Write out the following listing's lines from the one with "Foto encuentro vicecanciller" to the one with "MaleCitymv's tweet photo.", exactly, with both included and no others.

▽

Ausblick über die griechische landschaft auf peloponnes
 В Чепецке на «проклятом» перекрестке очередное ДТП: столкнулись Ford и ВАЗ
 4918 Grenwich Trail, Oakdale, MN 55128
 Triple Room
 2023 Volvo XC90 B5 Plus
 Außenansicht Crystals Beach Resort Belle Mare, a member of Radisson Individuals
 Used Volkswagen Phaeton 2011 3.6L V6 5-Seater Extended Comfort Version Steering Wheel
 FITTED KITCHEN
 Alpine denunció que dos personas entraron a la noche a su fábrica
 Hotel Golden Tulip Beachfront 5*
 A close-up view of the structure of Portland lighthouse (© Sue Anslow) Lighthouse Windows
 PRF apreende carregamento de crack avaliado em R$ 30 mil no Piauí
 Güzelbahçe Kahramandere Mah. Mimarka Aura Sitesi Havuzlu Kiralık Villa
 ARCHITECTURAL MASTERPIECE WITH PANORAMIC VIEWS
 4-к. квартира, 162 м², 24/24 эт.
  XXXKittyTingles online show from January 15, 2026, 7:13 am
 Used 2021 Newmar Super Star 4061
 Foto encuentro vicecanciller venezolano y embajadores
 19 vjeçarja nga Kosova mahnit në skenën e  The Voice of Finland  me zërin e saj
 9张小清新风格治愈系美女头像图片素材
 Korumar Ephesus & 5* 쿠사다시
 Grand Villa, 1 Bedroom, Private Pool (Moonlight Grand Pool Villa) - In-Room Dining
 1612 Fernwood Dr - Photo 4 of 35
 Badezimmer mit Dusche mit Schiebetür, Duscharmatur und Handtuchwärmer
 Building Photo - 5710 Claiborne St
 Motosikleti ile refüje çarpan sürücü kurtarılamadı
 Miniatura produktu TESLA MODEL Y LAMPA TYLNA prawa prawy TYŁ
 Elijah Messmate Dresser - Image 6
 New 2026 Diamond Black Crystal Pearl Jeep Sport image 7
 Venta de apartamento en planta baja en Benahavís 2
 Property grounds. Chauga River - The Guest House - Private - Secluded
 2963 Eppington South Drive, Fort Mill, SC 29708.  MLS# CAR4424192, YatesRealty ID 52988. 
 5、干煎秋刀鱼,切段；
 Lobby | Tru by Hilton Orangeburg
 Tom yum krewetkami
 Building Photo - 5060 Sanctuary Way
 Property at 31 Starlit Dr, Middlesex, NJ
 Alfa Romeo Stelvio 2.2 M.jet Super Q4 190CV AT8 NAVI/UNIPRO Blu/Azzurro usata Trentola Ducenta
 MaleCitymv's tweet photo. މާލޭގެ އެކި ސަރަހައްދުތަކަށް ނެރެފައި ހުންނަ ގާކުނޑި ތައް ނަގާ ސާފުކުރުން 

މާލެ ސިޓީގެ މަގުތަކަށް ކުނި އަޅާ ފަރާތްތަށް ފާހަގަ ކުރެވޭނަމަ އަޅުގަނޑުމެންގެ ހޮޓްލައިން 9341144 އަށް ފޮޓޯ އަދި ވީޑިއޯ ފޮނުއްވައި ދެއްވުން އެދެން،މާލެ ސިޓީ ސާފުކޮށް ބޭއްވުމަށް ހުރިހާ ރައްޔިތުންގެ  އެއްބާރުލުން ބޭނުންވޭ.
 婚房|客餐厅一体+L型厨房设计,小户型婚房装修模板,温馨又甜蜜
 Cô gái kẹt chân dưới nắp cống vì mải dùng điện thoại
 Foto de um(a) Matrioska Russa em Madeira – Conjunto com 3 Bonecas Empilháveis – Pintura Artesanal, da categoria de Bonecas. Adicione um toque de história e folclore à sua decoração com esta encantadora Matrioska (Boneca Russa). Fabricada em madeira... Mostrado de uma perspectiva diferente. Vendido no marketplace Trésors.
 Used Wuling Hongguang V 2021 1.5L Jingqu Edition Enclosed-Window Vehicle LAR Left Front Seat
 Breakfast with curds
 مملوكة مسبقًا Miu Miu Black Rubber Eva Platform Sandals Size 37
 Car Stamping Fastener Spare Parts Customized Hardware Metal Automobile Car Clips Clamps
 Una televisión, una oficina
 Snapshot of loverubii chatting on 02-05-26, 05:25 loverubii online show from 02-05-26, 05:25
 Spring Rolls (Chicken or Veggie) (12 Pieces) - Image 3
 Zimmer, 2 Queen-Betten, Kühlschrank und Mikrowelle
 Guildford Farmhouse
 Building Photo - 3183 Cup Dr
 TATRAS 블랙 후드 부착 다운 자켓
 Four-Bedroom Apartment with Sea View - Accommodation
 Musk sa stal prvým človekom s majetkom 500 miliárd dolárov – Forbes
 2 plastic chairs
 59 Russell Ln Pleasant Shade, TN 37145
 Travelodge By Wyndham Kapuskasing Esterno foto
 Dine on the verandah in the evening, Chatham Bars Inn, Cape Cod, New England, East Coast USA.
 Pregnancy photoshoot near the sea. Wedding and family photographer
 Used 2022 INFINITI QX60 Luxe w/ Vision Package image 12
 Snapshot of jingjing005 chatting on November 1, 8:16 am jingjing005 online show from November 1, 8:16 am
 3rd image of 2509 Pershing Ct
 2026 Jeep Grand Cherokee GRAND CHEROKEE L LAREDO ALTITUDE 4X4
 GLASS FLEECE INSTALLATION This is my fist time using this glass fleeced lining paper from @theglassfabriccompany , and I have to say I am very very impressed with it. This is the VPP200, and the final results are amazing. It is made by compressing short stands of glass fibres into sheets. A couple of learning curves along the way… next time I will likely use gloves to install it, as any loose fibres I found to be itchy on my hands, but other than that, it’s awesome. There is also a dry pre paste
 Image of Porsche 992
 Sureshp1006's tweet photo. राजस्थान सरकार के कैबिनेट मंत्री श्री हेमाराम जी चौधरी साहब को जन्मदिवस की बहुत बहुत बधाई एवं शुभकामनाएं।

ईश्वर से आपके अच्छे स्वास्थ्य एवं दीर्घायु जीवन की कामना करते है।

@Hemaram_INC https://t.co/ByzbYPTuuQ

△

## [YOUR RESPONSE]
 Foto encuentro vicecanciller venezolano y embajadores
 19 vjeçarja nga Kosova mahnit në skenën e  The Voice of Finland  me zërin e saj
 9张小清新风格治愈系美女头像图片素材
 Korumar Ephesus & 5* 쿠사다시
 Grand Villa, 1 Bedroom, Private Pool (Moonlight Grand Pool Villa) - In-Room Dining
 1612 Fernwood Dr - Photo 4 of 35
 Badezimmer mit Dusche mit Schiebetür, Duscharmatur und Handtuchwärmer
 Building Photo - 5710 Claiborne St
 Motosikleti ile refüje çarpan sürücü kurtarılamadı
 Miniatura produktu TESLA MODEL Y LAMPA TYLNA prawa prawy TYŁ
 Elijah Messmate Dresser - Image 6
 New 2026 Diamond Black Crystal Pearl Jeep Sport image 7
 Venta de apartamento en planta baja en Benahavís 2
 Property grounds. Chauga River - The Guest House - Private - Secluded
 2963 Eppington South Drive, Fort Mill, SC 29708.  MLS# CAR4424192, YatesRealty ID 52988. 
 5、干煎秋刀鱼,切段；
 Lobby | Tru by Hilton Orangeburg
 Tom yum krewetkami
 Building Photo - 5060 Sanctuary Way
 Property at 31 Starlit Dr, Middlesex, NJ
 Alfa Romeo Stelvio 2.2 M.jet Super Q4 190CV AT8 NAVI/UNIPRO Blu/Azzurro usata Trentola Ducenta
 MaleCitymv's tweet photo. މާލޭގެ އެކި ސަރަހައްދުތަކަށް ނެރެފައި ހުންނަ ގާކުނޑި ތައް ނަގާ ސާފުކުރުން 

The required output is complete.